• [MATERIAL SHOWN]:

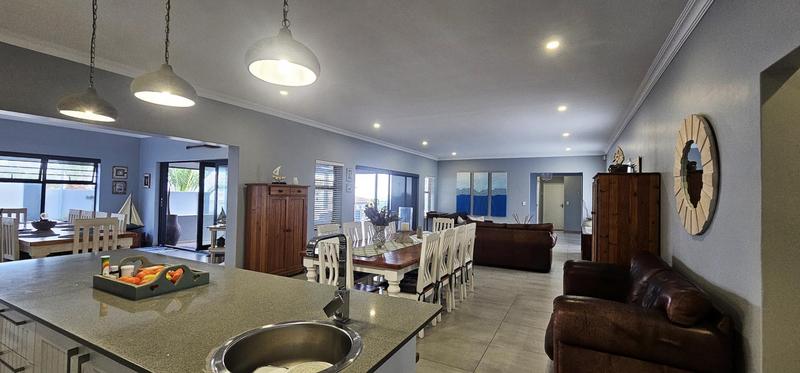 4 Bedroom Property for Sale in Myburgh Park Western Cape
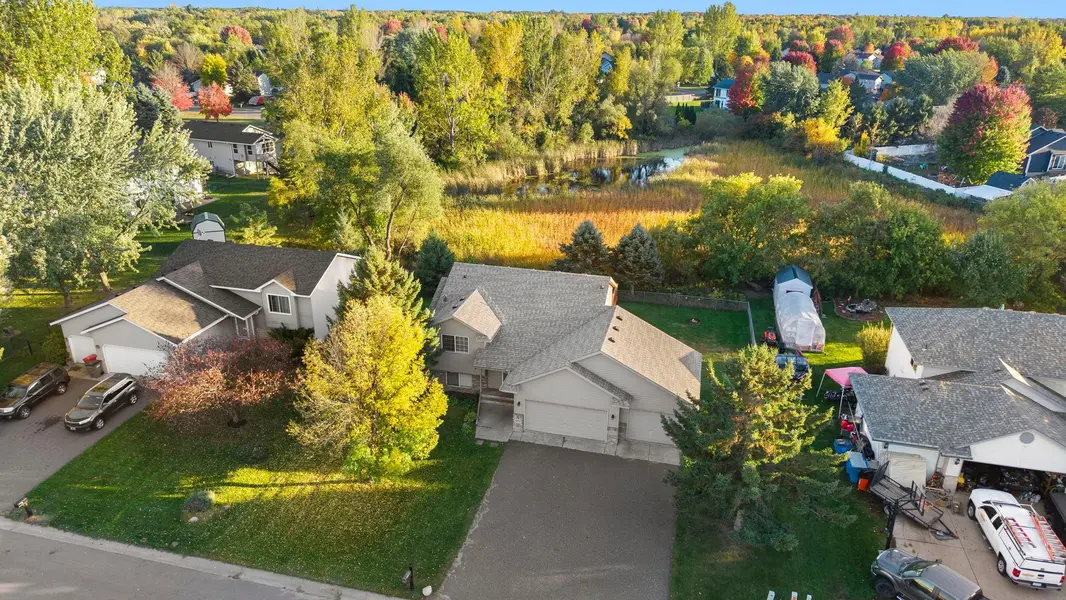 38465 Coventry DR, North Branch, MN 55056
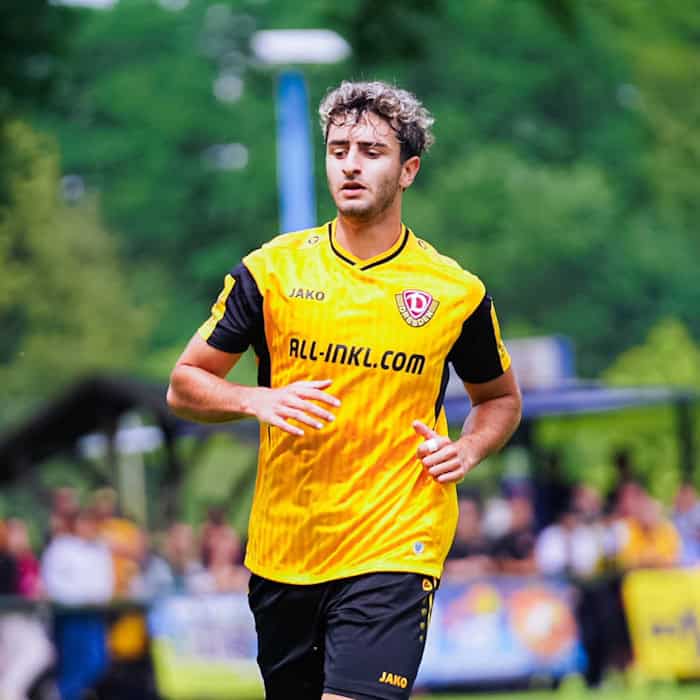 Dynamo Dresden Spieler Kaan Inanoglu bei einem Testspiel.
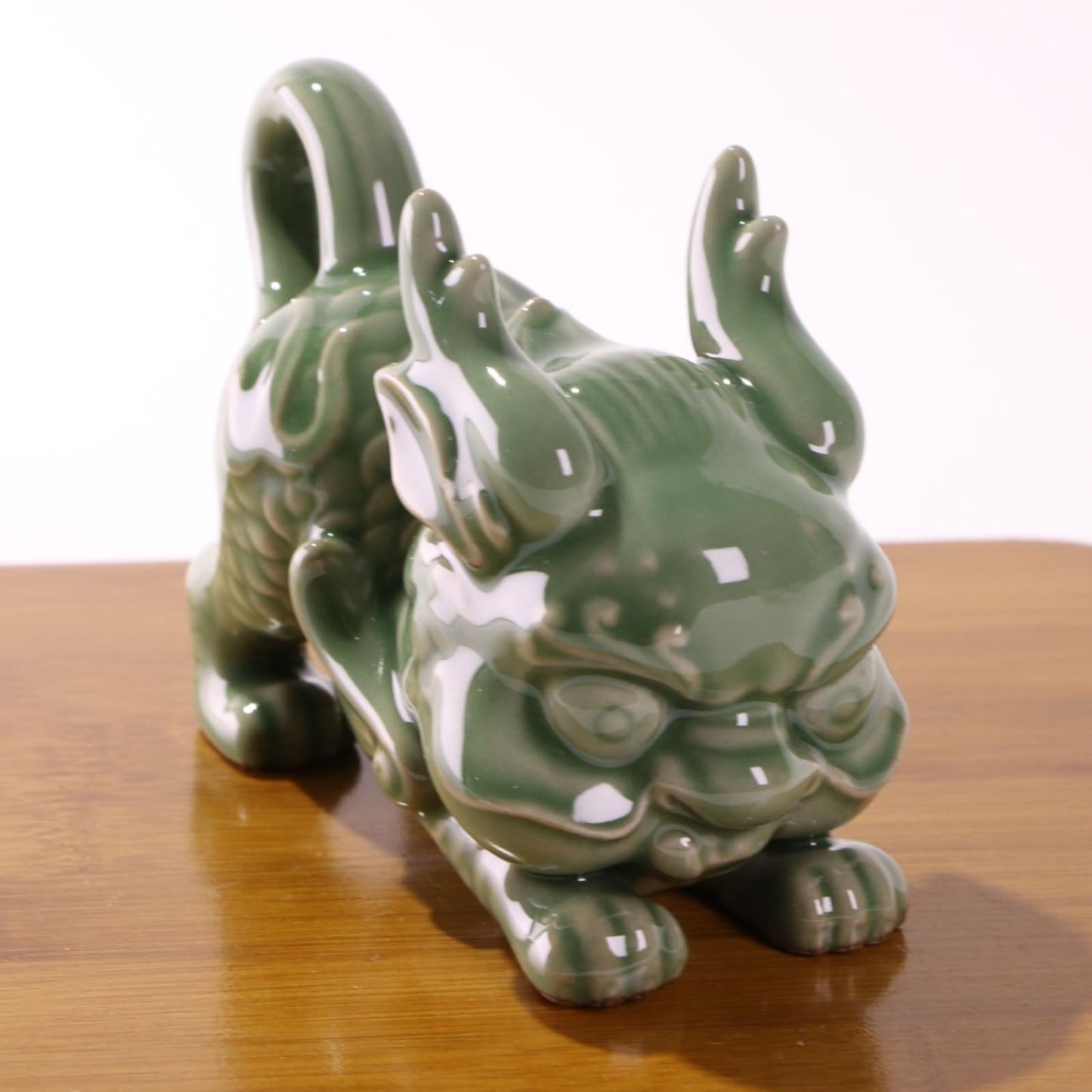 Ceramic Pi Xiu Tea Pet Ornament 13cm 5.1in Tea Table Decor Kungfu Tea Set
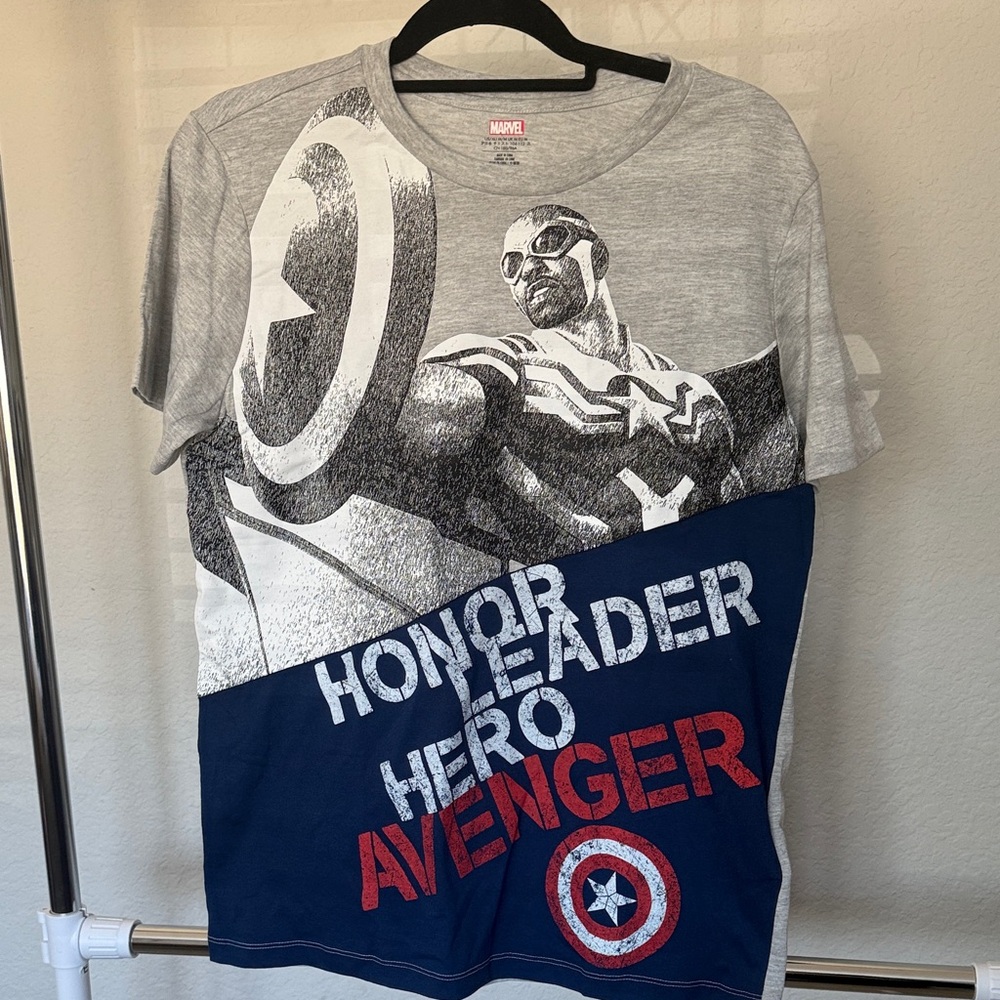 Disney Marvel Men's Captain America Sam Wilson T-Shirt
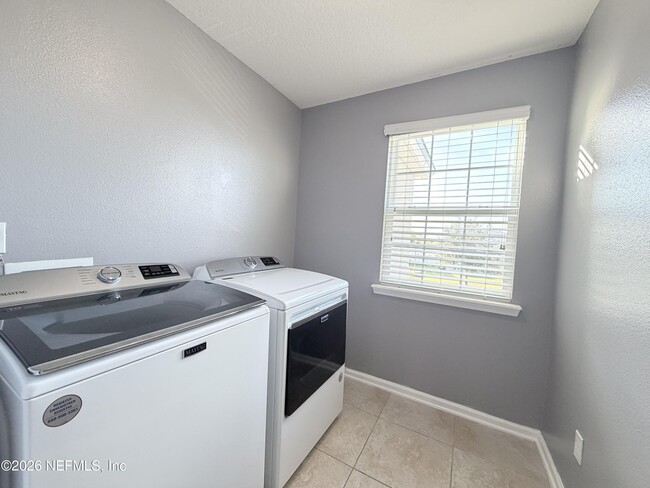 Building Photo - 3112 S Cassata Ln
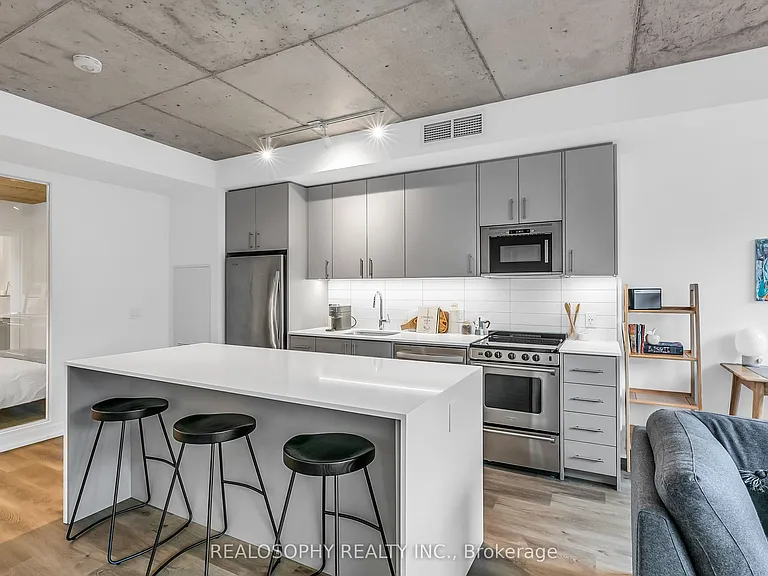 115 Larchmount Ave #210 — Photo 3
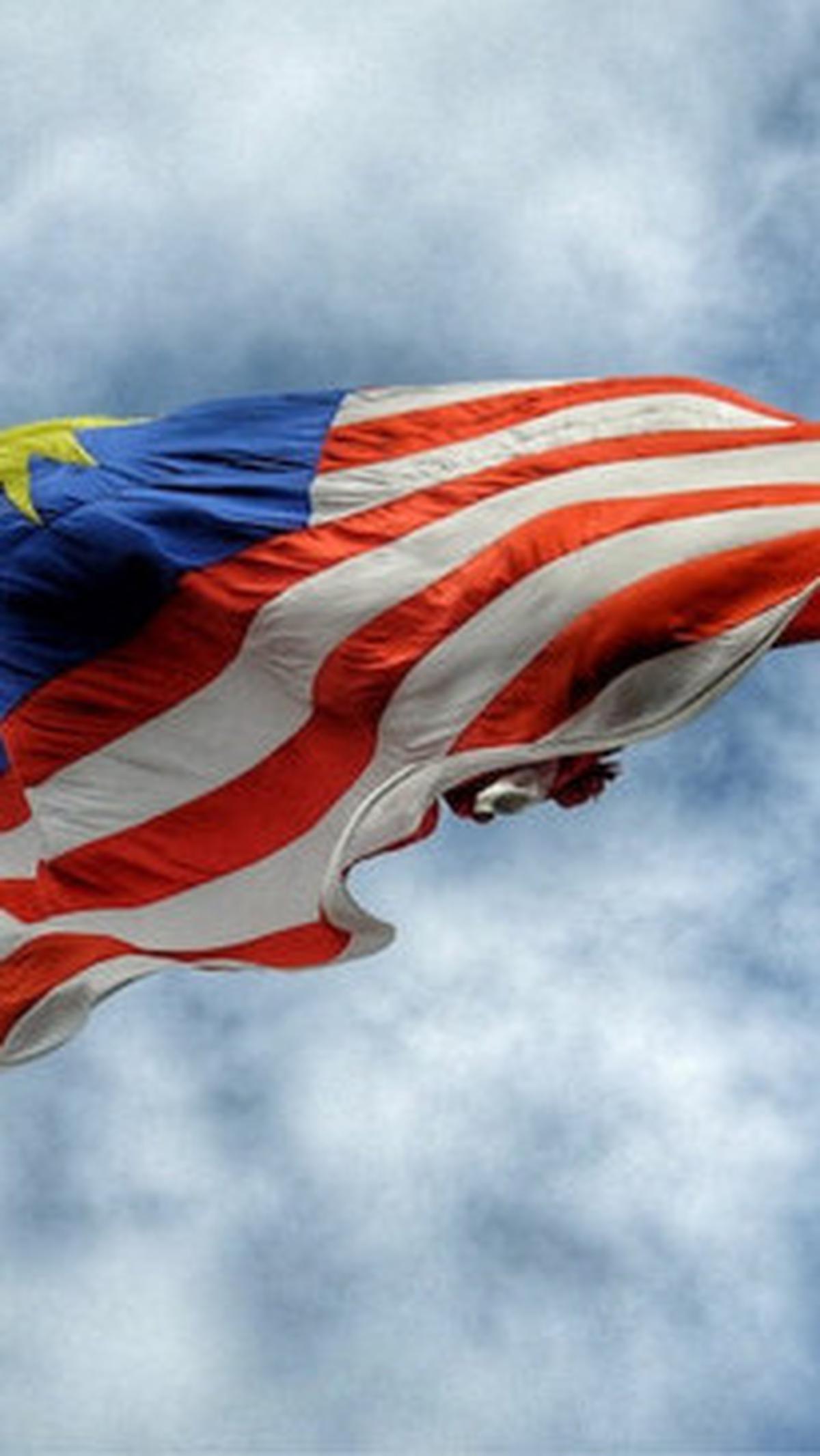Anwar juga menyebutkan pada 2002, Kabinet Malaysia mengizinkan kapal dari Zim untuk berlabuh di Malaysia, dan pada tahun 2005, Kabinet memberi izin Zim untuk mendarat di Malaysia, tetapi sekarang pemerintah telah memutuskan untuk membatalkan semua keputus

• [GOAL OF THE EXERCISE]: Reproduce nothing but the lines from the line containing "Building Photo - 3112 S Cassata Ln" through the last line of the data above, exactly as written and without pictures.

• [RESULT]:
 Building Photo - 3112 S Cassata Ln
 115 Larchmount Ave #210 — Photo 3
Anwar juga menyebutkan pada 2002, Kabinet Malaysia mengizinkan kapal dari Zim untuk berlabuh di Malaysia, dan pada tahun 2005, Kabinet memberi izin Zim untuk mendarat di Malaysia, tetapi sekarang pemerintah telah memutuskan untuk membatalkan semua keputus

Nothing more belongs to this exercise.